[[ MATERIAL PROVIDED open ]]

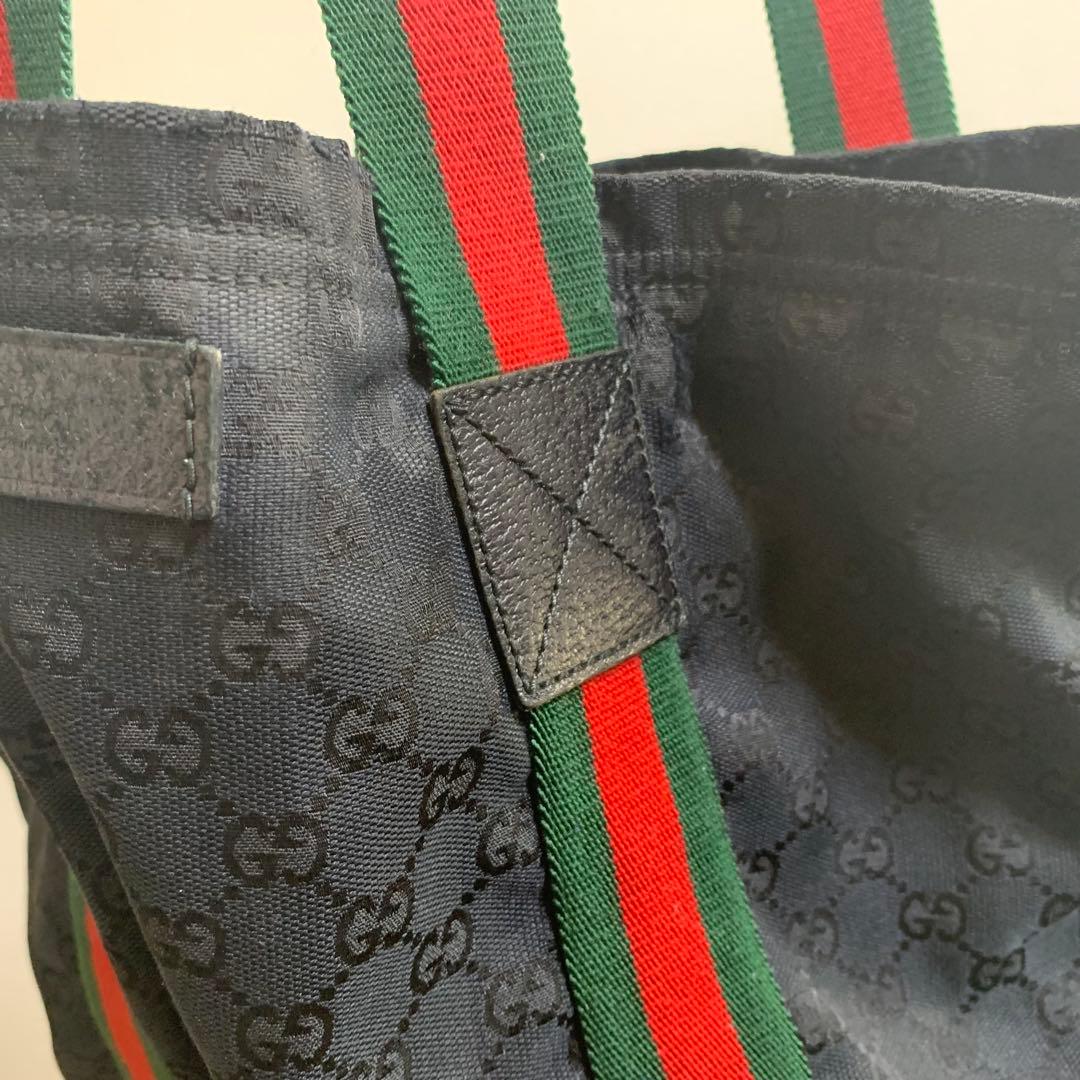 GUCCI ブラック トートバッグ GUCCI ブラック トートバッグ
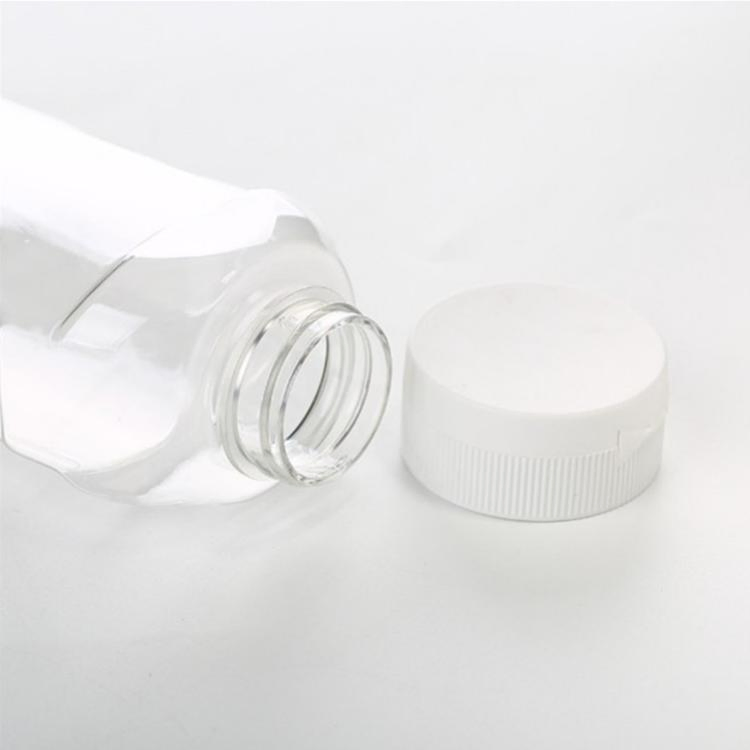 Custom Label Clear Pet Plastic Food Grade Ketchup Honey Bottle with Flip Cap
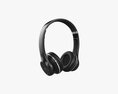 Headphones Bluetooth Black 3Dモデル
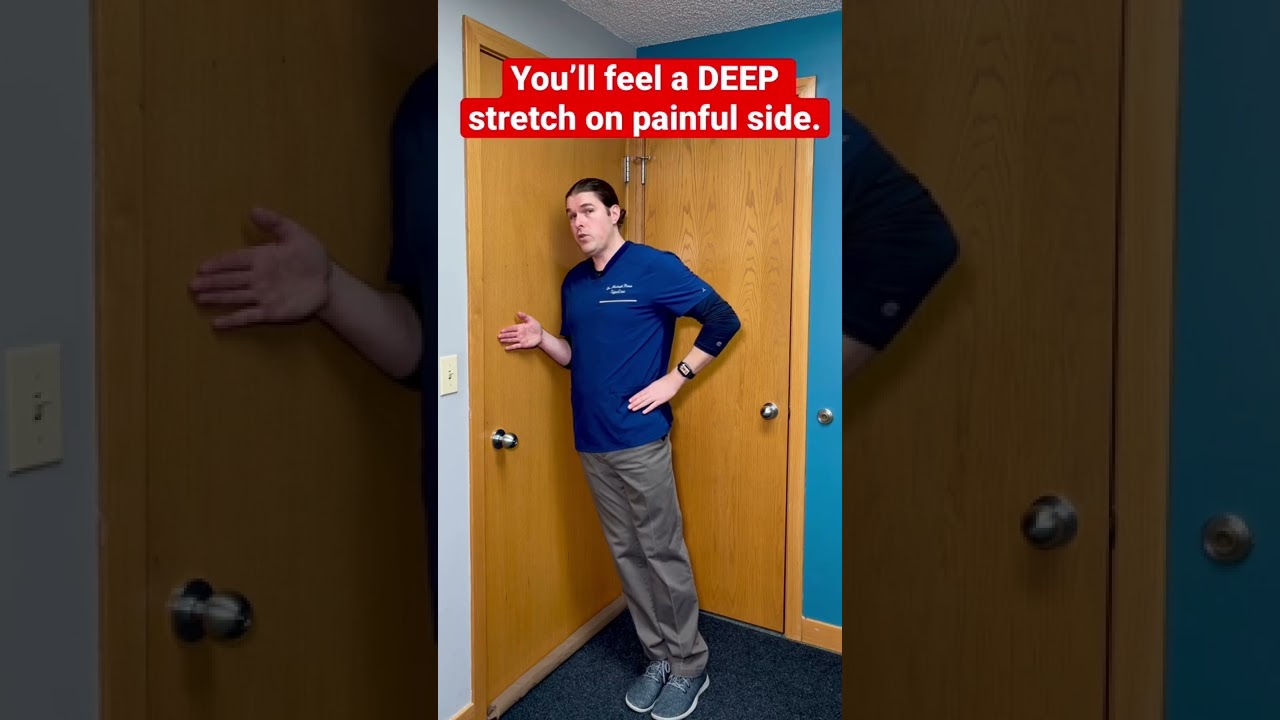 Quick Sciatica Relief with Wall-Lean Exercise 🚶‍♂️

[[ MATERIAL PROVIDED closed ]]

# EXERCISE REQUIREMENTS
Retype the data word for word, please, and keep the images out.

# TASK OUTPUT
 GUCCI ブラック トートバッグ GUCCI ブラック トートバッグ
 Custom Label Clear Pet Plastic Food Grade Ketchup Honey Bottle with Flip Cap
 Headphones Bluetooth Black 3Dモデル
 Quick Sciatica Relief with Wall-Lean Exercise 🚶‍♂️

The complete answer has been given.